The people I am surrounded with on a daily basis don’t look at the world the same way other people do. Every day I go to work with personal trainers, ultra-runners, endurance athletes, and people who have achieved high levels of success with weight loss and fitness transformations. It’s normal for me to talk to someone about how to run 100 miles or how to lose 100 pounds. It’s normal for someone to ask me a question about the struggles of staying out of their kitchen when they have an emotional eating day. It’s an everyday occurrence that I talk to someone who can’t get out from in front of their TV and off their couch to go for a walk around the block. I don’t think twice about the top 3 pieces of advice I give to people who struggle with overeating and lack of physical activity… This is the world I live in.

So why is it that losing 200 pounds, running 100 miles, completing a full distance triathlon, deadlifting 400 pounds is normal to me?

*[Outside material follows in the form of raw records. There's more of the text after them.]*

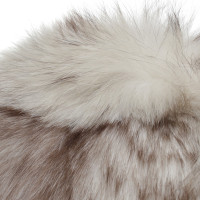 Other Designer Ankershoffen - fur cape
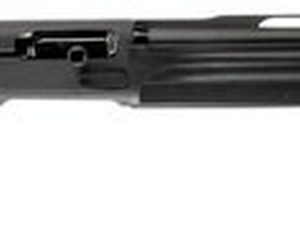 Beretta 1301 Comp 12 Ga Shotgun | 21" Barrel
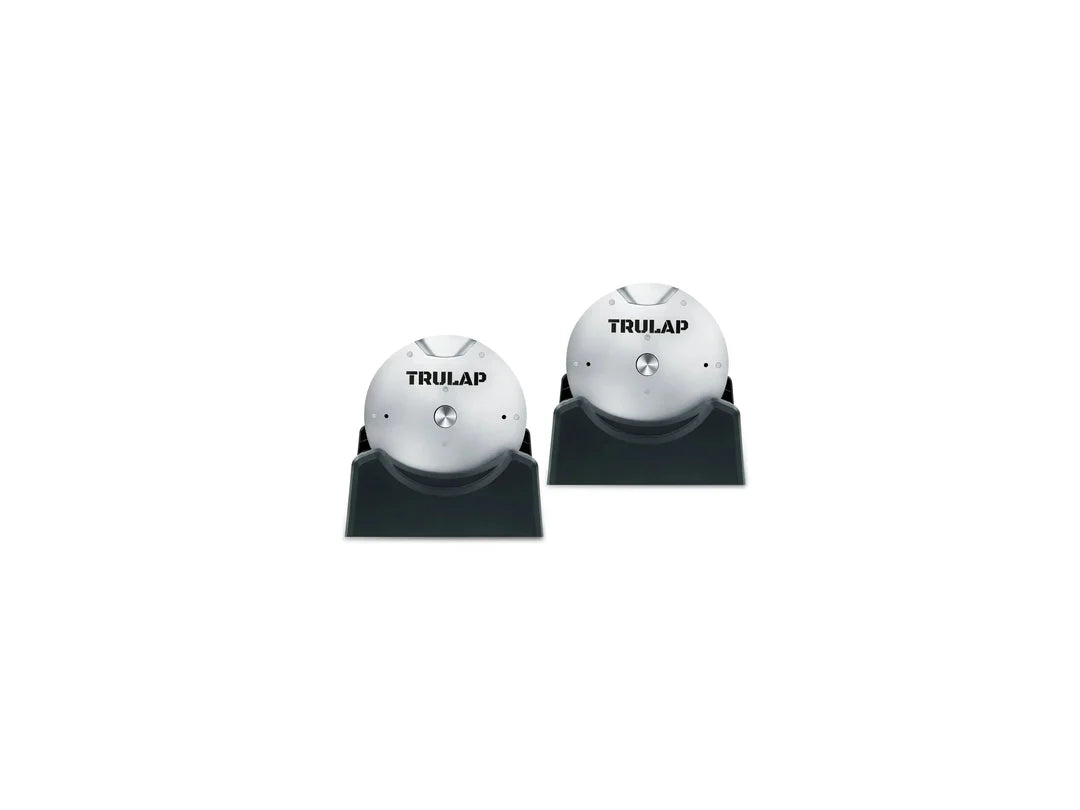 Trulap 8552 G4 Dumbbells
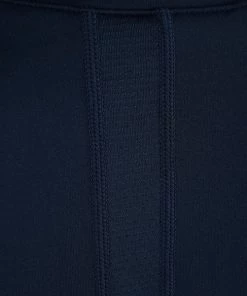 Harrow Drift Short Sleeve Individual Sports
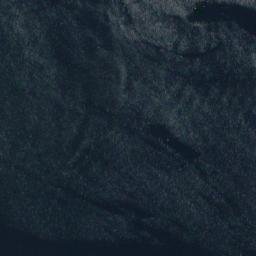 Satellite imagery of Punta Lememo, CL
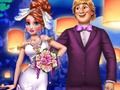 Jogo Annie Perfect Night online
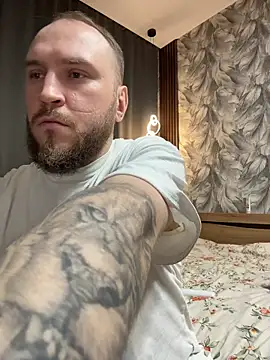  XxX-XxX  online show from June 2026 12:00:02 AM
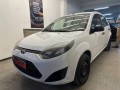 ford-fiesta-one-16-5ptas-ambiente-small-0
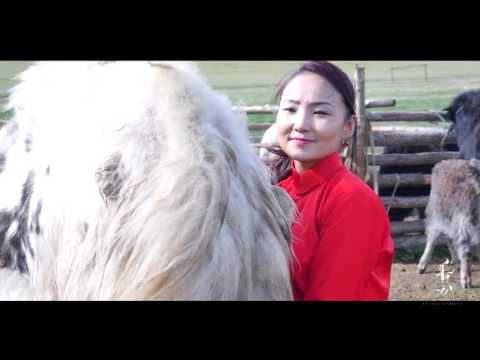 eejdee yarsan setgel mp3 eejdee yarsan setgel mp3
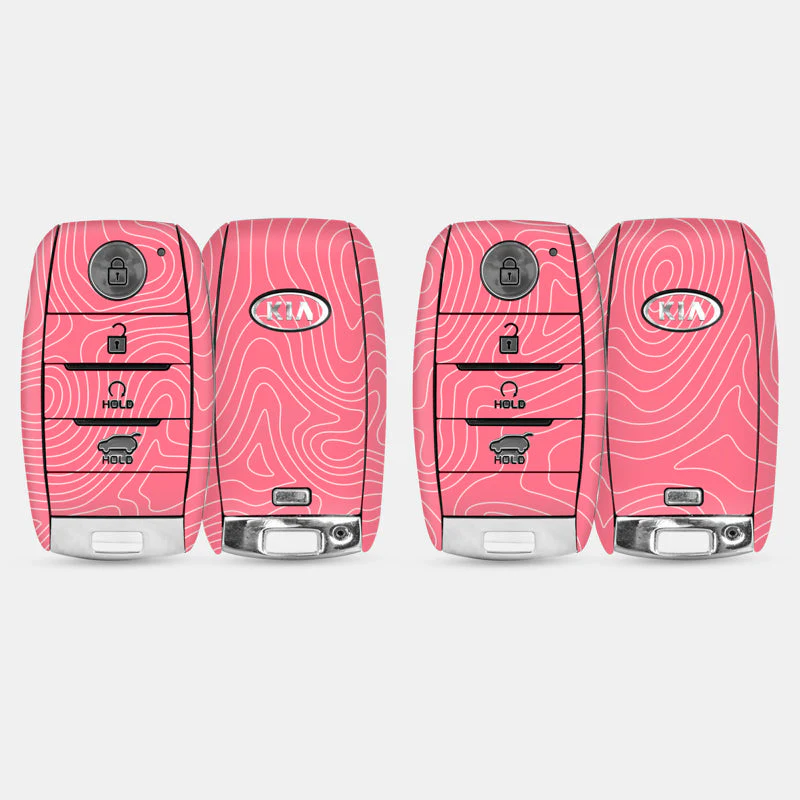 Product image 67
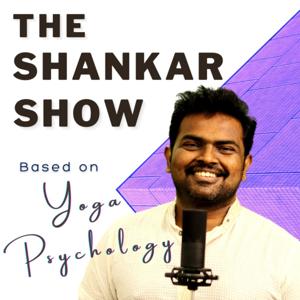 The Shankar Show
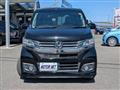 2015 Honda Honda Others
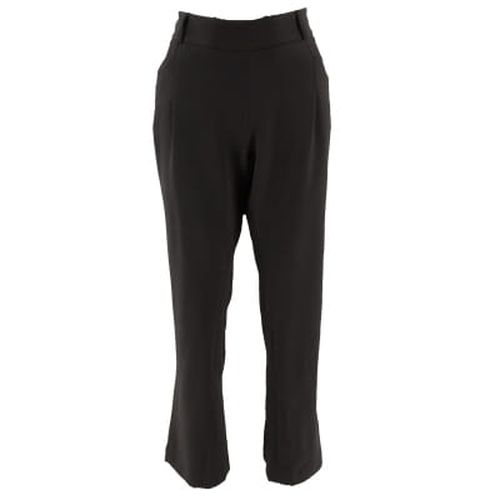 Pantalon - Taille 40 - 1.2.3 - Modalova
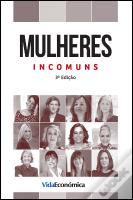 Mulheres Incomuns
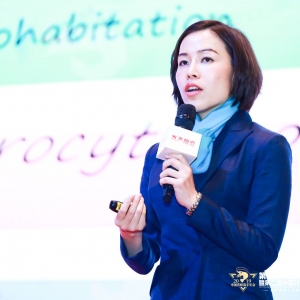 EHP���ԙz�y���A�������k�����Ҫ���_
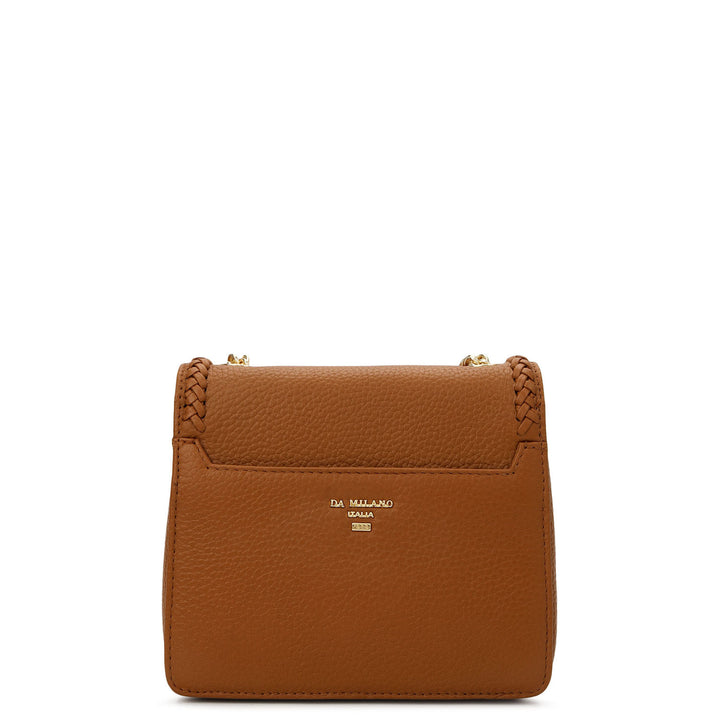 Plume Sling Bag (XS)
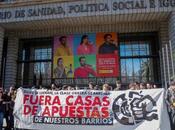 regulación publicidad juegos azar apuestas beneficia como sociedad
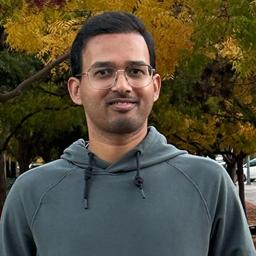 Prabin Seth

It’s the environment I have created for myself. It is the type of people I have learned to surround myself with. I have made the conscious choice and the intentional action to change the type of people I spend time with every day. It’s normal for me to spend my time with extraordinary athletes… and we think of each other and our actions as normal.

This is no different than the groups of people who meet at happy hour on Friday, tailgate on the weekends, watch their kids play soccer together, or catch up on gossip around the water cooler at work. This is the environment they have created for themselves. These are the types of people they choose to be surrounded by. This is how we create our “normal”.

The process of leaving one group and entering another not as simple as just leaving one day and being accepted the next. Following social and cultural norms makes the change more complicated as we slowly detach from the less desired group and step into the new group a little at a time. As we separate from one group we can gain acceptance of another until one day when the we have earned the right to move on from one group into the other.

This is the process of unbecoming to become. We unbecome the person who was accepted in group A to become the person who is accepted into group B. Our surroundings have now changed, our thoughts have changed, our actions have changed, and we have now changed how we identify ourselves by changing the group we identify with.

The process of social and economic change is not as simple as waking up one day and leaving what we know… we must first change the view we have in our head so our body can take the action and understand the time it takes to grow apart and mold together as we allow our normal to change into the extraordinary.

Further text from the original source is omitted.